Man ahnt es schon: die dankbaren Briefschreiber waren hinterher zufriedener. Und am besten wirkt das alles, wenn man den Brief dem Empfänger nicht schickt, sondern ihn besucht und ihm vorliest. Seitdem gibt es diese Dankbarkeitsübung in fast jedem Ratgeber für positive Psychologie. Wer jetzt Lust verspürt: einfach loslegen. Mehr Anweisung braucht man nicht.
Damit könnte dieser Blog schon fertig sein, wenn ich selbst nicht immer wieder daran gescheitert wäre. Es gibt sicher viele Menschen, denen ich dankbar bin. Ich wäre nicht ich, wenn es einige von denen nicht gegeben hätte. Aber das sind eine Vielzahl von Personen und keine sticht besonders hervor.
Und so habe ich immer wieder mit dieser Übung gehadert – bis vor ein paar Wochen. Ich hatte einen wirklich tollen Urlaub mit meiner Frau in Dänemark. Eine Woche sind wir spazieren gegangen, haben die Sauna genutzt und den Ofen nach jeder Wanderung eingeheizt. Es war romantisch, harmonisch, einfach fantastisch. Klar war ich dankbar für dieses Erlebnis.
Und ich musste an all die Menschen denken, die mich auf dem Weg dorthin begleitet haben. Und natürlich sind mir dann auch sofort wieder Menschen eingefallen, die mir nicht so wohlgesonnen waren. Einige (wie ich später herausfand) haben aktiv gegen mich gearbeitet. Aber wenn sie das nicht gemacht hätten? Wäre ich dann hier? Hätte ich womöglich nicht gekündigt und wäre immer noch in dem Hamsterrad?
Es ist müßig, dieses hätte … und wäre … Es führt zu keinem sinnvollen Ergebnis. Aber sicher ist doch, ich wäre nicht dort, wenn ich nicht auch diese Neider gehabt hätte. Und plötzlich kam mir ein weiteres Konzept der positiven Psychologie in den Sinn: Vergebung. Auch das hatte ich nie richtig für mich umsetzten können.
Plötzlich machte auch Vergebung einen Sinn. Ich kann das Verhalten gewisser Leute zwar immer noch nicht verstehen. Ich billige es auch weiterhin nicht wie sie mich behandeln. Aber ich konnte plötzlich leichter damit umgehen. Dankbarkeit für mein Leben und Vergebung für alle, die versucht haben, mir das Leben schwer zu machen. Auf einmal fühlte es sich leichter an.

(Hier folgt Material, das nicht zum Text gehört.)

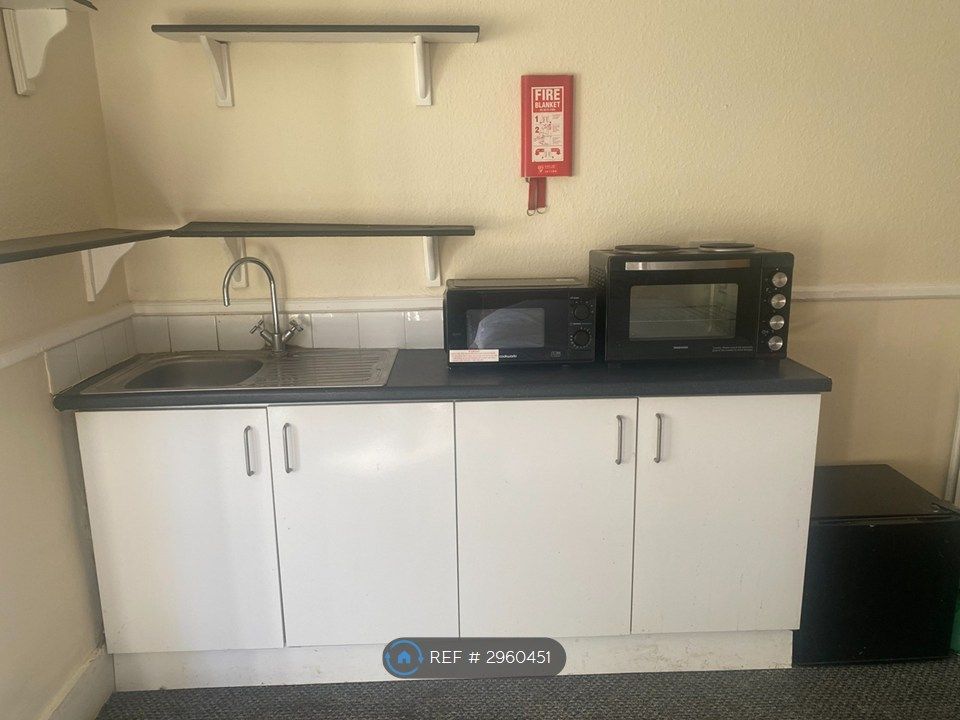 Property photo 2 of 3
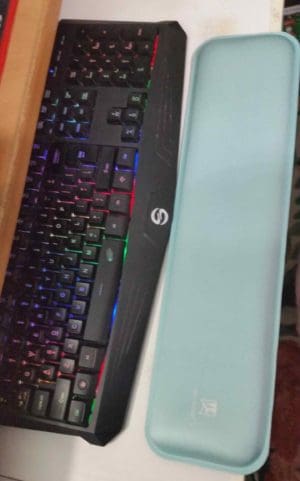 wrist pad with keyboard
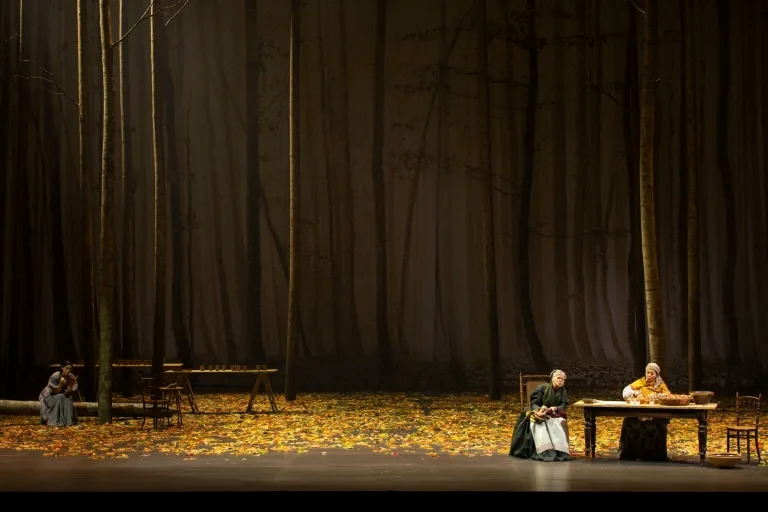 Лесная сценография» в первой картине.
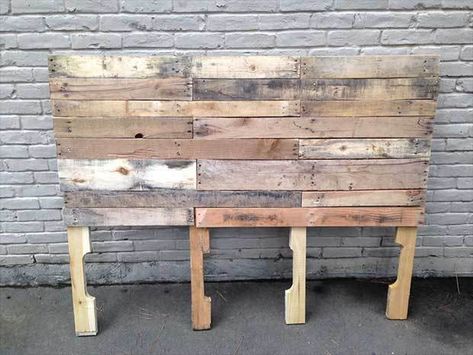 Pallet Headboards, Wooden Pallet Headboard, Pallet Headboard Diy, Headboard Inspiration, Industrial Materials, Pallet Headboard, Rustic Headboard, Pallet Designs, Wooden Headboard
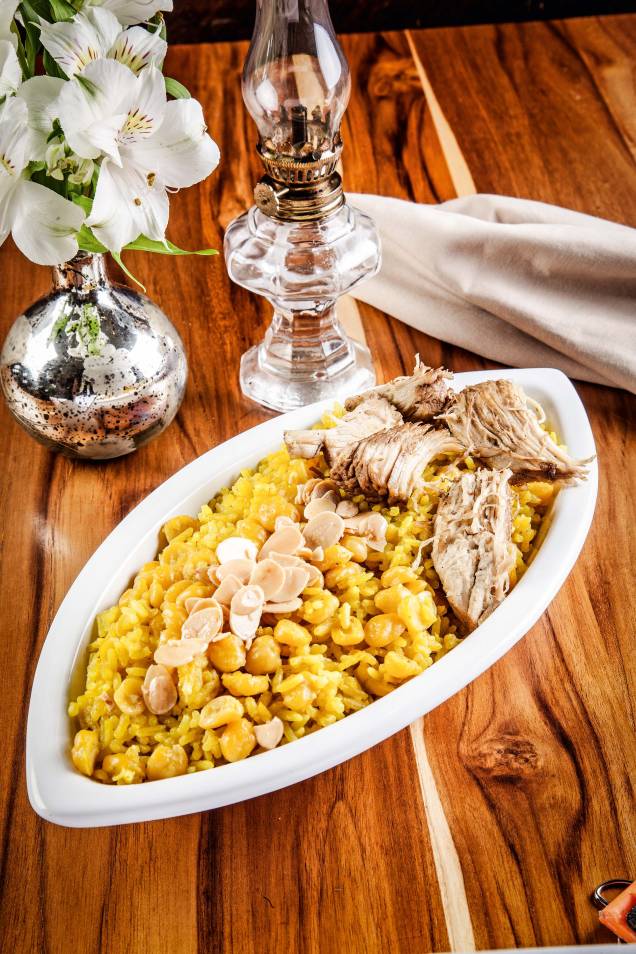 Arroz de frango com açafrão do Farabbud Arroz de frango com açafrão do Farabbud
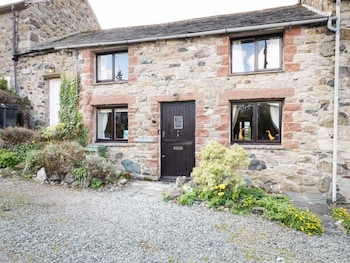 Barn Roost - Cottages with Pet Rooms in Wigton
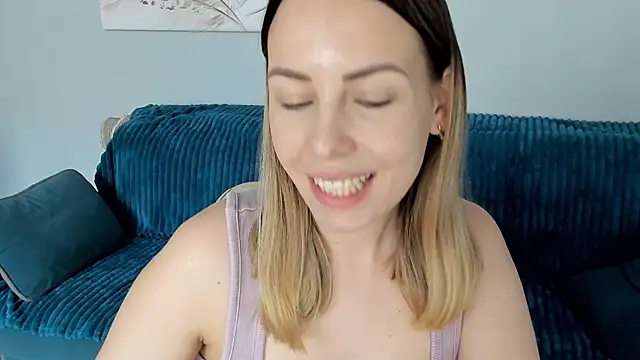 Snapshot of Mia_shy1 chatting on 01-21-25, 10:52 Mia shy1 online show from 01-21-25, 10:52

Der Urlaub ist schon seit Wochen vorbei. Aber diese beiden Gefühle geben mir seitdem noch mehr Kraft. Und wie ist es mit Euch?
Achtet doch mal auf die Dinge des Lebens, für die Ihr dankbar seid. Sie passieren jeden Tag. Und nur die Summe der Ereignisse haben einen dorthin gebracht. Und damit auch die Summe der Menschen, denen man begegnet ist – im Guten wie im Schlechten. Und wem nichts einfällt: einfach mal durch die Fotos des Jahres stöbern, die sich so angesammelt haben. Viele tolle Erlebnisse, die wir schon wieder vergessen haben.
Mit diesen versöhnlichen Worten werde ich diesen Blog für dieses Jahr beenden. Allen Lesern und Leserinnen wünsche ich eine geruhsame Zeit und ein erfolgreiches Neues Jahr.